Withdrawal Symptoms by Addiction
Withdrawal symptoms can vary by the substance to which a person is addicted. Other factors affecting withdrawal symptoms include:
- The number of years a person has abused a substance
- The purity of the substance being used
- The degree of intoxication typically reached when using the substance
- How severe the state of addiction is
Below are some of the major withdrawal symptoms specific to various addictions. Cravings for the substance previously abused is perhaps the most common withdrawal symptom experienced across the variety of addictions and, thus, it is not included in the individual lists.
It is important to remember that not every person experiences the same withdrawal symptoms. Just because a particular symptom is listed in conjunction with withdrawal does not mean it definitely will happen to you.
Some people suffering from substance abuse avoid treatment because they fear the discomfort of withdrawal. However, medical professionals are trained in treating withdrawal symptoms during detox so the discontinuation of alcohol (or drugs) is tolerable and detox is successfully completed. For example, medications such as Clonidine or Lofexidine may be used to treat stomach cramps, anxiety, tremors, and excessive sweating. Other medications are used to control cravings.
Alcohol Withdrawal Symptoms
The symptoms of alcohol withdrawal may involve tremors, mood swings, headaches, irregular heartbeat, fatigue, and nausea. More severe symptoms may include hallucinations and seizure. For some, the first symptoms may present themselves within a few hours of discontinuing alcohol consumption. Peak intensity of symptoms may take up to a few days to occur.

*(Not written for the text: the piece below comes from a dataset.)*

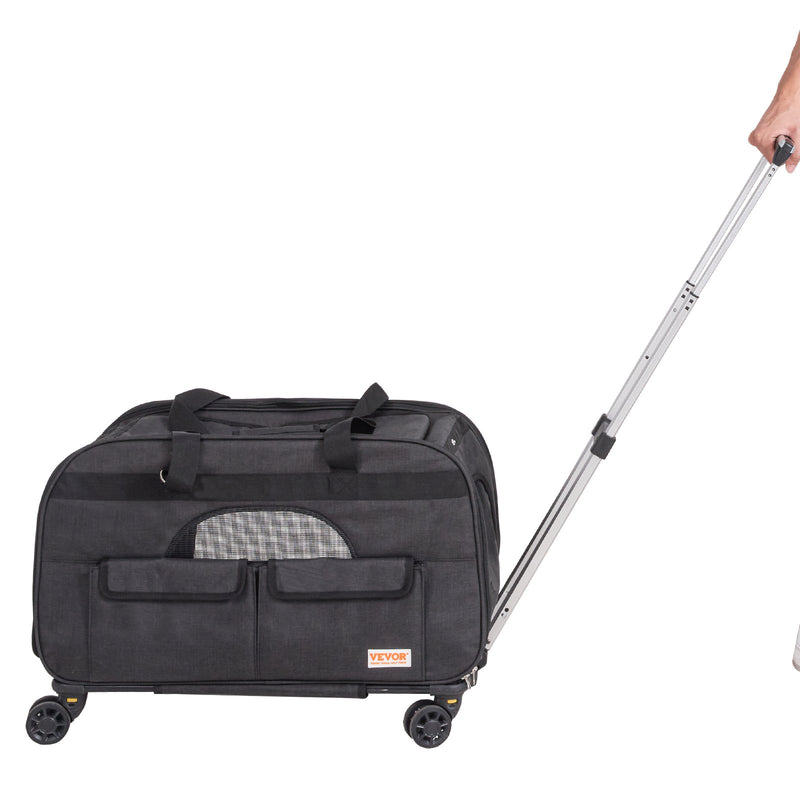 VEVOR Ratiņsomā pārvietojams mājdzīvnieku pārnēsājamais būris ar teleskopisko rokturi un plecu siksnu, līdz 15,9 kg, ar saliekamu bļodu, melns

Heroin Withdrawal Symptoms
People going through heroin withdrawal may experience sweating (including cold sweats), muscle pain, insomnia, fever, diarrhea, nausea, vomiting, and stomach cramps. More rare but serious withdrawal risks include seizures and stroke.

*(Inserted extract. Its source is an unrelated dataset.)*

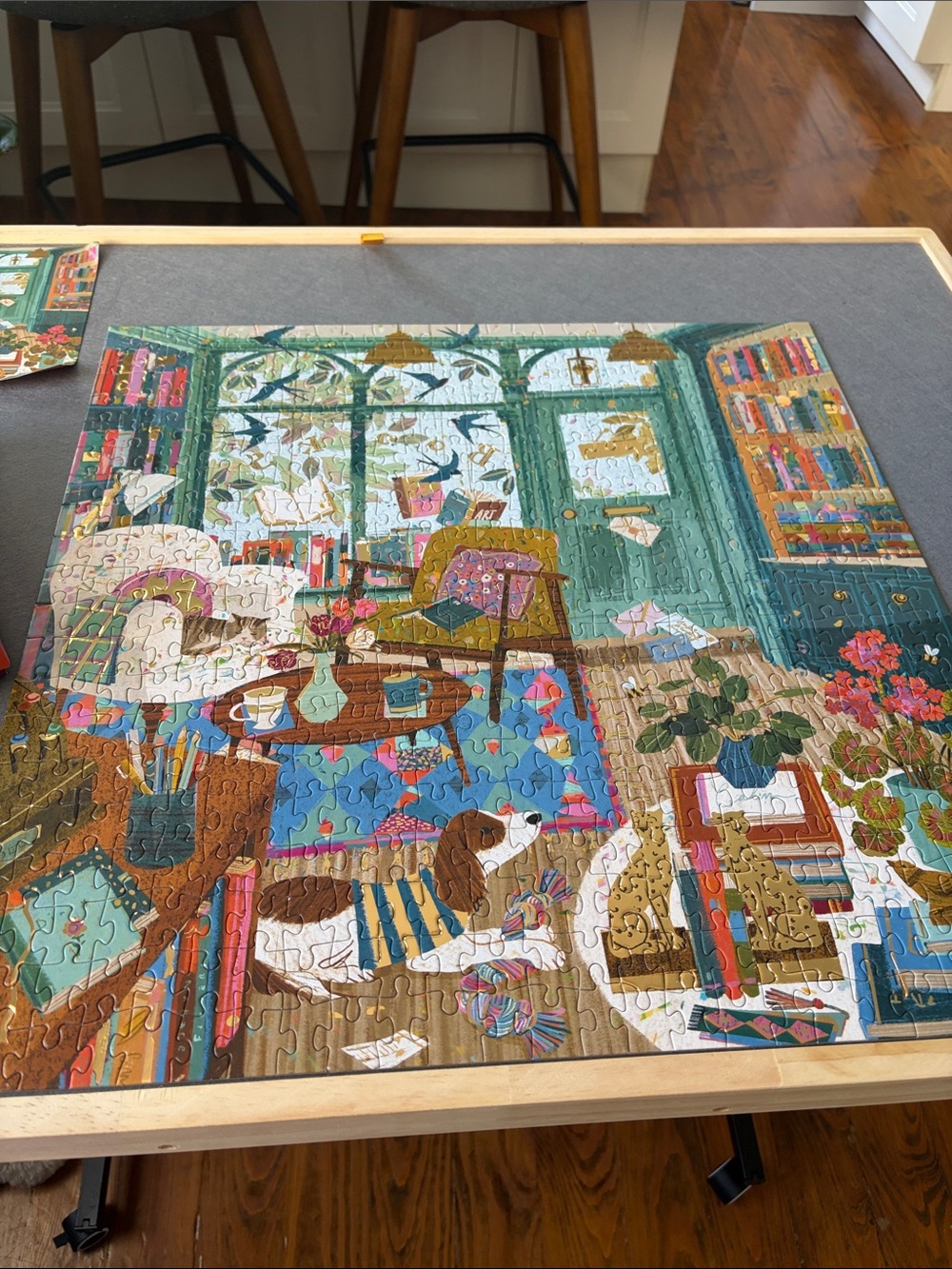 Galison Bookshop Afternoon 500 Piece Puzzle with Foil for Adults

Heroin withdrawal symptoms may last a few days or over a week.
Cocaine Withdrawal Symptoms
Cocaine withdrawal symptoms include depression and suicidal thoughts, fatigue, anxiety, reduced concentration or slowed thinking, and insomnia. Both heart attacks and seizures, while possible, are rare during cocaine withdrawal.
OxyContin (Oxycodone) Withdrawal Symptoms
As an opioid, OxyContin withdrawal symptoms may include nausea, muscle pain, anxiety, vomiting, chills, and insomnia.
Meth (Methamphetamine) Withdrawal Symptoms
The symptoms of methamphetamine withdrawal encompass dry mouth, fatigue, dehydration, chills, irritability, headaches, anxiety, depression, muscle spasms, and insomnia. People in methamphetamine withdrawal may also exhibit psychosis and hallucinations.
Fentanyl Withdrawal Symptoms
Withdrawal from fentanyl may evidence itself in dilated pupils, nausea and vomiting, restlessness, diarrhea, muscle pain, aggressive behavior, irritability, insomnia, stomach cramps, high blood pressure, and fatigue.
Marijuana Withdrawal Symptoms
Headaches and mood changes are among the symptoms of marijuana withdrawal. Depression, sweating, sleep problems, reduced appetite, and stomach pain are other symptoms associated with marijuana withdrawal.
As mentioned earlier, medical research has produced a variety of interventions to make withdrawal more tolerable. If worries about withdrawal pain have prevented you from seeking recovery, reach out to a substance abuse physician so he or she can explain what remedies are available to address your concerns.